Hi. I’m Mitzy Maven and I’m slumped on the back seat floor of Laurie’s SUV as I secretly type this email into my IPAD. As a former investigative reporter for the Chicago Tribune, I’ve seen my share of bad guys. But I was truly freaked out, as my mom would say, when my high school friend cajoled me into tailing Ryan, her hubby. Marital infidelity? Shady business dealings?

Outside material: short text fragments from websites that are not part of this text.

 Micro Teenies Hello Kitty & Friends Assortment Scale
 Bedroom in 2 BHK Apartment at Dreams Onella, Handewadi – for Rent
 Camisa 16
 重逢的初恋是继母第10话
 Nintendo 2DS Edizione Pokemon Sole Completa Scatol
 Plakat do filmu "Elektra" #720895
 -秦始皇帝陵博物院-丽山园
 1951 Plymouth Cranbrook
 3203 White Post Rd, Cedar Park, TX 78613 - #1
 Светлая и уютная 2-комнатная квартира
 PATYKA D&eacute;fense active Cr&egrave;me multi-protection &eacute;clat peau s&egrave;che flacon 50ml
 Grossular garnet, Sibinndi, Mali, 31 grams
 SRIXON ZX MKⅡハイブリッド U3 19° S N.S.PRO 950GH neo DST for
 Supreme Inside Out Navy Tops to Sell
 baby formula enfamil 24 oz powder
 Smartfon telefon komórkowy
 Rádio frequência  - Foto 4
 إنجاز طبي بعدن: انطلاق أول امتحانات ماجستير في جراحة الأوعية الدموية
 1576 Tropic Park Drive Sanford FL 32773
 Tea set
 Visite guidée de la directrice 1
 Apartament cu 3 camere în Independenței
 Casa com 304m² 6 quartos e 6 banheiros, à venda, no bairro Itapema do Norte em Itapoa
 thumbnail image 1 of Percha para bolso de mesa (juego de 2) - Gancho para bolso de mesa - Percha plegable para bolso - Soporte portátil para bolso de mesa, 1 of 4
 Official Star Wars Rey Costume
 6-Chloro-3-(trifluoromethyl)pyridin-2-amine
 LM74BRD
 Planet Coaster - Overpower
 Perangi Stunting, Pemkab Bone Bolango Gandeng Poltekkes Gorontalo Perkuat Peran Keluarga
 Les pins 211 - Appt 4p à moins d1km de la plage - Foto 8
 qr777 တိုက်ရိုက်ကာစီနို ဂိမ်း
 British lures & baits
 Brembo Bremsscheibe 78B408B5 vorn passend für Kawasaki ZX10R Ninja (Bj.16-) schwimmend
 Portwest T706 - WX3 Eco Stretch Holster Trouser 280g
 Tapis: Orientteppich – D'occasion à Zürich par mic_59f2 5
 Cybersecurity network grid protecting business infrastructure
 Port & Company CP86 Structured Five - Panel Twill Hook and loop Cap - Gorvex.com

Most likely, we’re talking communication problem. Laurie’s not the easiest person to communicate with. Granted, she’s a kind, compassionate person who adores her husband, son, and puppy. But that tongue of hers can bite! She looks for hidden meanings in the most inane conversation. And if your actions don’t meet her specifications, she’ll try to change you.

Here’s an example: Laurie’s husband, Ryan, is a health insurance adjuster. This Type A personality guy recently quit his job. Laurie was plenty steamed. Who, in these tough economic times, just walks out on his job, with a family to support?

Laurie attempted to wrestle the facts from her husband, but Ryan wasn’t talking.The harder she pressed, the more he withdrew. I urged Laurie to minimize her anger and frustration by meditating. Heck, she already does yoga, so I figured this was no great stretch – no pun intended!

But Laurie refused to acknowledge her anger issues. Arguments between hubby and wife ensued, to the point that their young son complained of “bad energy” in the house. Even the dog started peeing on the furniture!

Oops! Ryan’s approaching the car now. Before I log off, I gotta say that two hot heads don’t a reasonable decision make! I truly hope Ryan is not leading a double life of criminal activity or adultery. I pray his only problem is learning how to openly communicate with his wife without withdrawing into his cave.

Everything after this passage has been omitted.